Directions
In the records below, some lines contain the word "filled". Copy each of them.

Listed records

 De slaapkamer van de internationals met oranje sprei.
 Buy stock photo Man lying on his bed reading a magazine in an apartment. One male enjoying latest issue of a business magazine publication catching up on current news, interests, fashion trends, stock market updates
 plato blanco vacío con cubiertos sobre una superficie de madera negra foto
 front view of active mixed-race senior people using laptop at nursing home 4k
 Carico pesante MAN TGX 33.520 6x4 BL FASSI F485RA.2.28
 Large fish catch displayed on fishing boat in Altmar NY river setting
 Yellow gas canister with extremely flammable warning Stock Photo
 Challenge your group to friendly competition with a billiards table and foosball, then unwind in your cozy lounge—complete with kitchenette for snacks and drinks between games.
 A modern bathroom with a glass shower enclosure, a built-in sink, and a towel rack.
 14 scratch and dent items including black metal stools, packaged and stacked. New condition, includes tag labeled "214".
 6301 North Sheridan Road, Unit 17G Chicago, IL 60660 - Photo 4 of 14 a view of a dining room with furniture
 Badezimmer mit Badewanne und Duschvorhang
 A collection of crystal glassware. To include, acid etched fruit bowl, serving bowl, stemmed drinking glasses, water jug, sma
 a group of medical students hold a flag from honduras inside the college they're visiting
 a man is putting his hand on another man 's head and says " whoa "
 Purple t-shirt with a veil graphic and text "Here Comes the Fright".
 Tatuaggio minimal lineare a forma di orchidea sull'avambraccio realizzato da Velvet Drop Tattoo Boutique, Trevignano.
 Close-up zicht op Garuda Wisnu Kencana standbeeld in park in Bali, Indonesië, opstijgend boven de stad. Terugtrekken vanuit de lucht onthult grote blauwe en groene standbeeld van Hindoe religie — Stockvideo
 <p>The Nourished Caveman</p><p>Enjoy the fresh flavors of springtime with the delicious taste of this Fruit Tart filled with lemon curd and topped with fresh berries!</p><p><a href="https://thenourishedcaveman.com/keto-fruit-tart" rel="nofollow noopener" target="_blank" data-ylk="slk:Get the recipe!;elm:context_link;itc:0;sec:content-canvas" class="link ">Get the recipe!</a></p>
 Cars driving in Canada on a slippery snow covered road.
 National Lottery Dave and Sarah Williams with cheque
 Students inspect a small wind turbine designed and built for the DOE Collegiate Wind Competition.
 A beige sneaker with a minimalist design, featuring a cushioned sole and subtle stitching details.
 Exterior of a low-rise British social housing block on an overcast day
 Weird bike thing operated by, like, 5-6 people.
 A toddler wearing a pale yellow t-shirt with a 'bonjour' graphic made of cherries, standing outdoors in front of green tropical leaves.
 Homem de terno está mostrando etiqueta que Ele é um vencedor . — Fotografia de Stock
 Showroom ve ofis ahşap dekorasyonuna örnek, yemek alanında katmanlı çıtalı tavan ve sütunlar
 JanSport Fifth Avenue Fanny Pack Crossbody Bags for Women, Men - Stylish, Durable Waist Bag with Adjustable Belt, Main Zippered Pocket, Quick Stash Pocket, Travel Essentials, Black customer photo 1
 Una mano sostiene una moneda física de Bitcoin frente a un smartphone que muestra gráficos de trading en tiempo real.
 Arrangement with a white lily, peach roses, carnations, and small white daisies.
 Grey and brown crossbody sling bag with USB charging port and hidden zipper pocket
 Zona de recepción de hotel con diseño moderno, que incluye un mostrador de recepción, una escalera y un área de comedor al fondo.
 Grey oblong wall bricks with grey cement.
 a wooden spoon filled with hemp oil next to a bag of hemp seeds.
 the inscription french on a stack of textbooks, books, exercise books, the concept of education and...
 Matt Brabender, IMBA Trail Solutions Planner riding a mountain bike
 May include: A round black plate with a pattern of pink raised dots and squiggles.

Answer box
 <p>The Nourished Caveman</p><p>Enjoy the fresh flavors of springtime with the delicious taste of this Fruit Tart filled with lemon curd and topped with fresh berries!</p><p><a href="https://thenourishedcaveman.com/keto-fruit-tart" rel="nofollow noopener" target="_blank" data-ylk="slk:Get the recipe!;elm:context_link;itc:0;sec:content-canvas" class="link ">Get the recipe!</a></p>
 a wooden spoon filled with hemp oil next to a bag of hemp seeds.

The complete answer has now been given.